TASK BRIEF
Your task is to repeat, word for word, the line containing "корочка 6-й разряд" and all lines that follow it to the end of the material, and no other lines.

DATASET EXCERPTS
───
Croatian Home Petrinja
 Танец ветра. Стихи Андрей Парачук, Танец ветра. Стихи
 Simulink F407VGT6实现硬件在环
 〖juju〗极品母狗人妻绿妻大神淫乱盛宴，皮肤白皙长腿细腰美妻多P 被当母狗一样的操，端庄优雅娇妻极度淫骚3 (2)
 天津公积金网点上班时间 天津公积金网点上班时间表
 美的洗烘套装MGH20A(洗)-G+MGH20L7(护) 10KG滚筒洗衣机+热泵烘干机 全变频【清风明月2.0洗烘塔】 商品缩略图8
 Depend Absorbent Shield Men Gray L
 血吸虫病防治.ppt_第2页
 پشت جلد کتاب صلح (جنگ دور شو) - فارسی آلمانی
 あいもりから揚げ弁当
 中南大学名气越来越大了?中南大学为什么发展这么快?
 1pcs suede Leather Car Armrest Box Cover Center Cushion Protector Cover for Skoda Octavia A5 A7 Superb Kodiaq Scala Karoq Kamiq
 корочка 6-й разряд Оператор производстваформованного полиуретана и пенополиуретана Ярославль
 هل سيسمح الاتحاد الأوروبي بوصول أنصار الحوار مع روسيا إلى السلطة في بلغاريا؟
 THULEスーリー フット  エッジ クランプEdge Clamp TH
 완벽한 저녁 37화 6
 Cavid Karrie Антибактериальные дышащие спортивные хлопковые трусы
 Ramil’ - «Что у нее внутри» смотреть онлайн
───
WRITTEN RESPONSE
 корочка 6-й разряд Оператор производстваформованного полиуретана и пенополиуретана Ярославль
 هل سيسمح الاتحاد الأوروبي بوصول أنصار الحوار مع روسيا إلى السلطة في بلغاريا؟
 THULEスーリー フット  エッジ クランプEdge Clamp TH
 완벽한 저녁 37화 6
 Cavid Karrie Антибактериальные дышащие спортивные хлопковые трусы
 Ramil’ - «Что у нее внутри» смотреть онлайн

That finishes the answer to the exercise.